## Prompt
Count how many lines of the data include "Silver". The answer is that number and nothing else.

[Web page caption snippets]
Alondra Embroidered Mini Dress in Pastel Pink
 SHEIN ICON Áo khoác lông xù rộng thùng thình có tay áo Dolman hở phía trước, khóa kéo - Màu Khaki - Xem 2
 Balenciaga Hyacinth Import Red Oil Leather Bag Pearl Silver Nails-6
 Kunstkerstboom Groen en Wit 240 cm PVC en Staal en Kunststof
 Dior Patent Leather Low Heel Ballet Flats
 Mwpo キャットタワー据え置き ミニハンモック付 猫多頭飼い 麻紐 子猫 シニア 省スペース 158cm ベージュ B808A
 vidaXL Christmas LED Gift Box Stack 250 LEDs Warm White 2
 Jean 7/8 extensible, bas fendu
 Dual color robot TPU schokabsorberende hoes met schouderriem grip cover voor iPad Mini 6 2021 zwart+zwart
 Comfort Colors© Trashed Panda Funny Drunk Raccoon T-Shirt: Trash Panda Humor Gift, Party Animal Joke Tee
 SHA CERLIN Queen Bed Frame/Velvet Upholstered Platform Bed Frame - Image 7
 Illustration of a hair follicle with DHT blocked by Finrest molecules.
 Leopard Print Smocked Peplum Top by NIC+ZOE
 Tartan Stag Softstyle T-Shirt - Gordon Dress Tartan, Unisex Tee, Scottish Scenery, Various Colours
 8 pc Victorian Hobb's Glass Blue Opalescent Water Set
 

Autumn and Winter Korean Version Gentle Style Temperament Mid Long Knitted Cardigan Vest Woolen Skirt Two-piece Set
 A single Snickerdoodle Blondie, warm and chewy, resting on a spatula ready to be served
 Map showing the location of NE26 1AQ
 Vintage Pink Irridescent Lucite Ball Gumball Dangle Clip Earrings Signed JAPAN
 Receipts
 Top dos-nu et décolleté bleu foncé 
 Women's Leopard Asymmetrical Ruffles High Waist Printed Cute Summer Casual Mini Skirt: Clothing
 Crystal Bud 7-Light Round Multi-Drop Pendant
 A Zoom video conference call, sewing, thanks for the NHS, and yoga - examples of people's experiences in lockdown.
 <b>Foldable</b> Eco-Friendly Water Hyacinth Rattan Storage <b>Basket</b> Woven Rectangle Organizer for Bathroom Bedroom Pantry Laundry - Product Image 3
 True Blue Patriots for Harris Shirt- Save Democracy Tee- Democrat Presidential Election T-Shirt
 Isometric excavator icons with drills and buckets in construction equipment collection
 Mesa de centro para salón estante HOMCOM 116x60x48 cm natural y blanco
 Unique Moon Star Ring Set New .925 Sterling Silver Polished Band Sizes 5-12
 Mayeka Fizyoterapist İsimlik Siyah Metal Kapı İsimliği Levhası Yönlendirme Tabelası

## Answer to the problem
2